Also, right about this time, two red-tailed hawks starting flying about, looking very big up close like this. I almost always see red-tails out in open country high in the sky, slowly soaring in wide circles. Since red-tails do eat birds on occasion, we thought perhaps they were hunting these adorable fledglings who looked quite vulnerable and delicious hanging out in the middle of the road. If you don't know what a Woodcock looks like, it is worth a google.

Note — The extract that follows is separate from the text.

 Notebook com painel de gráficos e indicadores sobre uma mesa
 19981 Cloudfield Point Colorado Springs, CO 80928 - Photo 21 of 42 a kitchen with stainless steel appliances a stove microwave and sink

You will see why we were excited, and perhaps we foiled the hawks' hunt, if, indeed, that is what was going on.

At the MWW, we saw sandhill cranes (thanks to Emily's sharp eyes), Upland Sandpipers flying about and vocalizing like crazy, Horned larks, Dickcissels and a Bobolink along with the more usual birds. There are places this time of year on the Wastewater property where the grasses and wildflowers are lush. This morning, the sun was strong, but there was also an east breeze. The combination of sun, cooling wind, good birds and bird songs, blue sky, colorful flowers, lush grasses, gravel road and the sweet floral perfume made this outing perfect. The lagoons were almost empty of birds but the surrounding fields were full of them.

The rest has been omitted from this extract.